PROBLEM REQUIREMENTS: Each record below must be written out again in exactly the same form.

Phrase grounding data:
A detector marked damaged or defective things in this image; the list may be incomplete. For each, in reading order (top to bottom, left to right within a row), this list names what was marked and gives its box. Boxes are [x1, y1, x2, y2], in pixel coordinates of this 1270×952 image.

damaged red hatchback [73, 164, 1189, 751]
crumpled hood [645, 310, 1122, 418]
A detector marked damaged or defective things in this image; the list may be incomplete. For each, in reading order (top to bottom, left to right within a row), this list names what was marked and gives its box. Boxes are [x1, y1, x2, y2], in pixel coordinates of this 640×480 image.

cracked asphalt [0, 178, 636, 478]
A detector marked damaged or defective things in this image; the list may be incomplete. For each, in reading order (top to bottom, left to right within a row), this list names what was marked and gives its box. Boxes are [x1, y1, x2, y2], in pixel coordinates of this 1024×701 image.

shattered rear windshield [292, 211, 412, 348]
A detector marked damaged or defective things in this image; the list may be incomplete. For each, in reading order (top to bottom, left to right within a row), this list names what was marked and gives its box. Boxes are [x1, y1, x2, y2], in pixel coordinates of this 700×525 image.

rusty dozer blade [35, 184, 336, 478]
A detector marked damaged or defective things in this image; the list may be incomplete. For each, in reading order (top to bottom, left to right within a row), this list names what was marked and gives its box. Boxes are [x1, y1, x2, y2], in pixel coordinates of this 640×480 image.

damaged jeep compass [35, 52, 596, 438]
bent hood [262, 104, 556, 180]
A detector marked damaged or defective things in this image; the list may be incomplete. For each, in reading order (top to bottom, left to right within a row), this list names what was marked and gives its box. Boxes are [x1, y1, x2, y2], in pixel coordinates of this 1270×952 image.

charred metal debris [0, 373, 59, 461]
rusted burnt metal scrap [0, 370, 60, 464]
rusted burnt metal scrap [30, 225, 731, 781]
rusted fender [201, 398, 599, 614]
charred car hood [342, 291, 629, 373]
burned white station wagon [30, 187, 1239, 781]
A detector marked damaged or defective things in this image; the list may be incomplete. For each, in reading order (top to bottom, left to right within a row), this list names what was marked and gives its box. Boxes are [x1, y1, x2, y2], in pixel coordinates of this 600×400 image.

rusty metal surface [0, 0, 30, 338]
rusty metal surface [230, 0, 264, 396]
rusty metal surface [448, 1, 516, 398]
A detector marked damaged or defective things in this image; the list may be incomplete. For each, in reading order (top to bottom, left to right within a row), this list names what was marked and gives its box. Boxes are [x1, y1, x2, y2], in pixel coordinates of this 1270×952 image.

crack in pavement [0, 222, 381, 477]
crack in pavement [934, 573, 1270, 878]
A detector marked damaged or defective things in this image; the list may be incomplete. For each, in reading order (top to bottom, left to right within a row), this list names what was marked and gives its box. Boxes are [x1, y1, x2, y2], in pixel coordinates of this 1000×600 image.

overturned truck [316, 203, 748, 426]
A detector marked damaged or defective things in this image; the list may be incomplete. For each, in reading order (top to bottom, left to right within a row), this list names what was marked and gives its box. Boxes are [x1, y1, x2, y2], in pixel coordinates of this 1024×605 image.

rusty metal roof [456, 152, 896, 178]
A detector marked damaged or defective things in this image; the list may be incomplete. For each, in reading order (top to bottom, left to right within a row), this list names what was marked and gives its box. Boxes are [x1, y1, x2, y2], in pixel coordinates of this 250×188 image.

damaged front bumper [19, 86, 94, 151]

COMPLETED EXERCISE:
A detector marked damaged or defective things in this image; the list may be incomplete. For each, in reading order (top to bottom, left to right within a row), this list names what was marked and gives its box. Boxes are [x1, y1, x2, y2], in pixel coordinates of this 1270×952 image.

damaged red hatchback [73, 164, 1189, 751]
crumpled hood [645, 310, 1122, 418]
A detector marked damaged or defective things in this image; the list may be incomplete. For each, in reading order (top to bottom, left to right within a row), this list names what was marked and gives its box. Boxes are [x1, y1, x2, y2], in pixel coordinates of this 640×480 image.

cracked asphalt [0, 178, 636, 478]
A detector marked damaged or defective things in this image; the list may be incomplete. For each, in reading order (top to bottom, left to right within a row), this list names what was marked and gives its box. Boxes are [x1, y1, x2, y2], in pixel coordinates of this 1024×701 image.

shattered rear windshield [292, 211, 412, 348]
A detector marked damaged or defective things in this image; the list may be incomplete. For each, in reading order (top to bottom, left to right within a row), this list names what was marked and gives its box. Boxes are [x1, y1, x2, y2], in pixel coordinates of this 700×525 image.

rusty dozer blade [35, 184, 336, 478]
A detector marked damaged or defective things in this image; the list may be incomplete. For each, in reading order (top to bottom, left to right within a row), this list names what was marked and gives its box. Boxes are [x1, y1, x2, y2], in pixel coordinates of this 640×480 image.

damaged jeep compass [35, 52, 596, 438]
bent hood [262, 104, 556, 180]
A detector marked damaged or defective things in this image; the list may be incomplete. For each, in reading order (top to bottom, left to right within a row), this list names what was marked and gives its box. Boxes are [x1, y1, x2, y2], in pixel coordinates of this 1270×952 image.

charred metal debris [0, 373, 59, 461]
rusted burnt metal scrap [0, 370, 60, 464]
rusted burnt metal scrap [30, 225, 731, 781]
rusted fender [201, 398, 599, 614]
charred car hood [342, 291, 629, 373]
burned white station wagon [30, 187, 1239, 781]
A detector marked damaged or defective things in this image; the list may be incomplete. For each, in reading order (top to bottom, left to right within a row), this list names what was marked and gives its box. Boxes are [x1, y1, x2, y2], in pixel coordinates of this 600×400 image.

rusty metal surface [0, 0, 30, 338]
rusty metal surface [230, 0, 264, 396]
rusty metal surface [448, 1, 516, 398]
A detector marked damaged or defective things in this image; the list may be incomplete. For each, in reading order (top to bottom, left to right within a row), this list names what was marked and gives its box. Boxes are [x1, y1, x2, y2], in pixel coordinates of this 1270×952 image.

crack in pavement [0, 222, 381, 477]
crack in pavement [934, 573, 1270, 878]
A detector marked damaged or defective things in this image; the list may be incomplete. For each, in reading order (top to bottom, left to right within a row), this list names what was marked and gives its box. Boxes are [x1, y1, x2, y2], in pixel coordinates of this 1000×600 image.

overturned truck [316, 203, 748, 426]
A detector marked damaged or defective things in this image; the list may be incomplete. For each, in reading order (top to bottom, left to right within a row), this list names what was marked and gives its box. Boxes are [x1, y1, x2, y2], in pixel coordinates of this 1024×605 image.

rusty metal roof [456, 152, 896, 178]
A detector marked damaged or defective things in this image; the list may be incomplete. For each, in reading order (top to bottom, left to right within a row), this list names what was marked and gives its box. Boxes are [x1, y1, x2, y2], in pixel coordinates of this 250×188 image.

damaged front bumper [19, 86, 94, 151]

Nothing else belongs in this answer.